Tarun Vijay, editor of the Rashtriya Sevak Sanghs’s mouthpiece, Panchjanya, proudly declares on an Internet website, “One of the world’s best-organized internet websites belongs to the US-based RSS body, the Hindu Student’s Council. RSS is probably the first organization in the country to hold conferences of its workers, the world over through its own cyber unit.”

Vehicle for Communal Propaganda

Material that was earlier available on railway platforms in the form of shoddily produced pamphlets have now acquired a new sheen on the Internet. The messages are all too familiar—hate campaigns against the alleged enemies of Hinduism, glorification of feudal and revanchist values, anti-minority, anti-women, anti-dalit, anti-modern. The anonymity conferred by the Internet now allows these messages to be communicated more blatantly, in a more virulent fashion.

It would be incorrect, however, to infer that all sites on the Internet that seek to push a communal agenda are of the same ilk. Communal propaganda carried out on the Internet has many layers. Individual members of the Sangh Parivar have separate websites, apart from the Panchjanya and the Organiser (the organs of the RSS) which are regularly updated.
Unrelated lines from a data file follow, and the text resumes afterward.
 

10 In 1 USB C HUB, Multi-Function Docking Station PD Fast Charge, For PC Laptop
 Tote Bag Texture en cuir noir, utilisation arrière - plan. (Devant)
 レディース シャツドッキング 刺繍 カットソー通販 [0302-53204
Websites run by the sangh parivar’s official political and social arms, the BJP and the RSS for example, are more sober. They do not carry overt “hate messages”. But even here the window dressing is known to slip. The BJP’s official site, for example ( ran a bulletin board before the 1999 general elections where messages from people could be posted. Messages on the Bulletin board posted at that time included those that called for physical extermination of muslims and other minorities. They also included pornographic references to prominent non-BJP women leaders, including the Congress president. The Bulletin Board was taken off the BJP’s site only after some organisations sent an official complaint to the Election Commission.
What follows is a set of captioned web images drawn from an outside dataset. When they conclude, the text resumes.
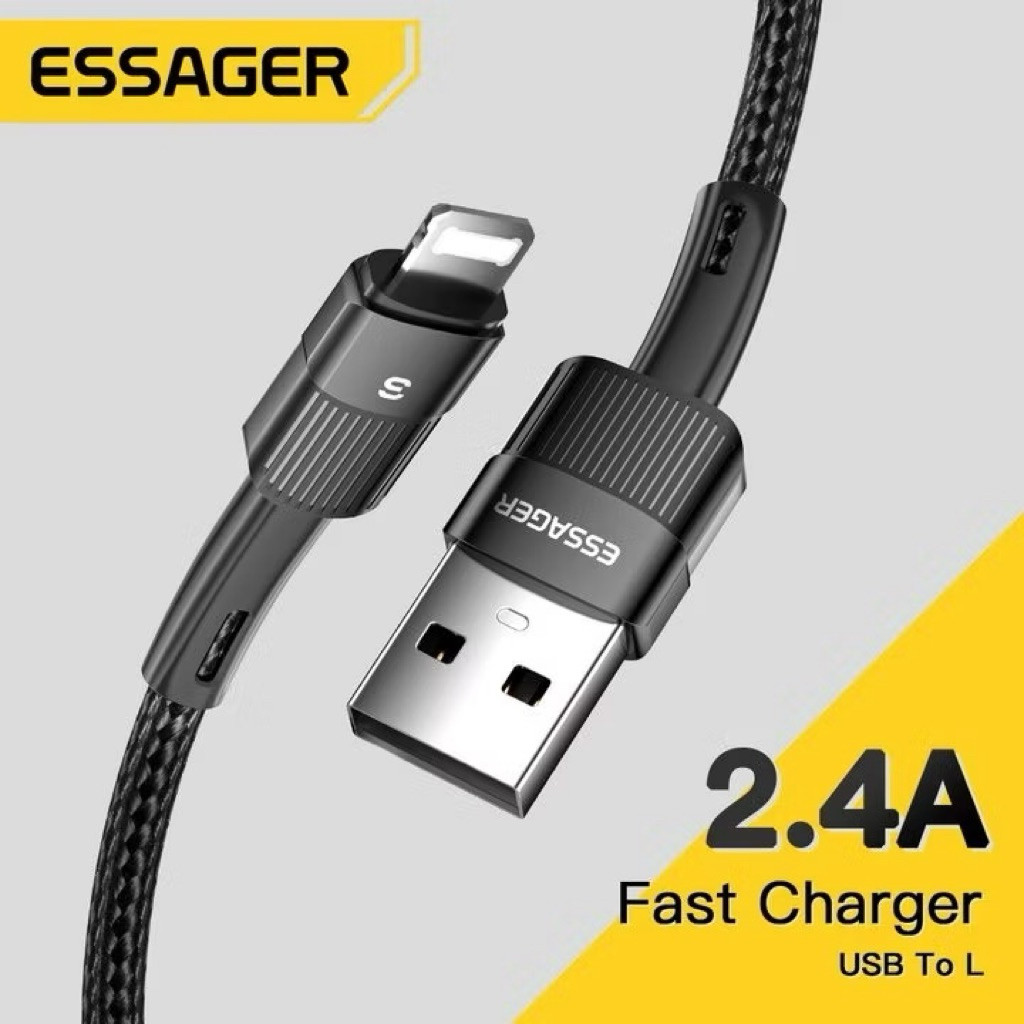 [essager 1m] cáp sạc nhanh usb->L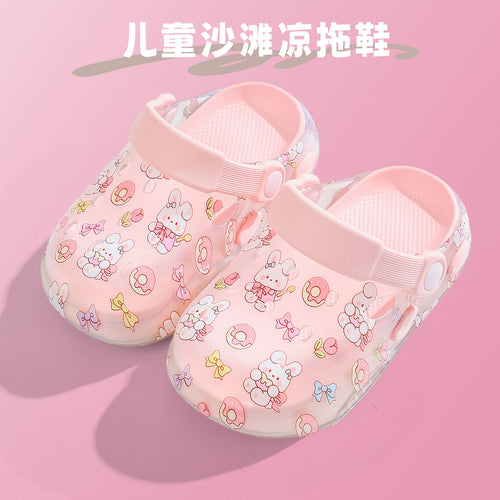 儿童洞洞鞋女童夏季防滑软底外穿卡通可爱婴幼童沙滩凉拖鞋男童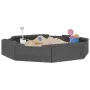 Sandbox with octagon seats solid gray pine wood by , sandboxes - Ref: Foro24-825011, Price: 62,15 €, Discount: %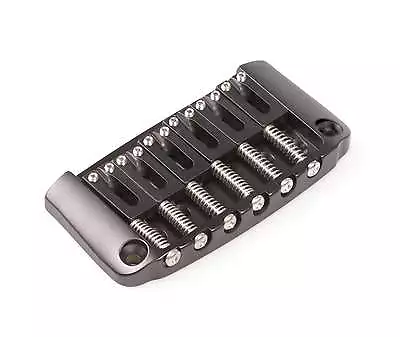 Genuine Hipshot Ibanez Gibraltar Replacement Bridge 6 String Black 4IBG06B • $115.95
Manufactured Experts on the Internet

Other pro “Hindutva” sites on the Internet operate in a more insiduous manner. They target NRIs—a major source of funds for the Sangh Parivar— and also seek to supply their supporters among the middle class and intellectuals with supposedly “unbiased” data and arguments that buttress communal “pro-hindutva” propaganda. These sites have, over the years, created a breed of self styled intellectuals as the Internet has no means of checking the credentials of “experts” and “intellectuals”.
These manufactured experts strive to propagate spurious evidence that try to confer legitimacy to the familiar communal arguments regarding the origins of early Indian civilization and culture.
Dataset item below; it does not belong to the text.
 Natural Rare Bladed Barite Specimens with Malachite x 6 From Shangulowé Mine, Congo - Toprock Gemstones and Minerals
There is another genre of websites on the Internet that seeks to utilise the religious sentiments of common people to draw them into their communal agenda. For example, The Hindu Universe Resource Center website provides links to numerous sites that carry information on various Hindu festivals and rituals. They contain detailed calendars of such events and information on places (mainly in the US) where such festivals are celebrated. These sites facilitate the offering of prayers and even material offerings to major Hindu temples in India through the Net. They instruct people on the manner in which specific rituals are to be observed during Hindu festivals. They also link up with websites that are now being run by a number of large temples in India and abroad. A visitor from the US to such a website, for example, has the opportunity, sitting at home, to make an offering and pray at a temple in South India.

The Stormtroopers on the Internet

The next set of sites are the real “stormtroopers” of the communal brigade on the Internet. These sites carry overt communal messages, and often prominently display exhortations to physically eliminate the supposed “enemies of hindutva”. The names of many of these sites—Hindu Unity, Sarvarkar Darshan, Soldiers of Hindutva, Mabharati, Karamsad, Indian’s Hindutva Web Site, Mera Bharat Mahan, Hindu Women vs. Muslim Women, Hindu Force, Saffron Tigers, etc.—are a good indicator of their content.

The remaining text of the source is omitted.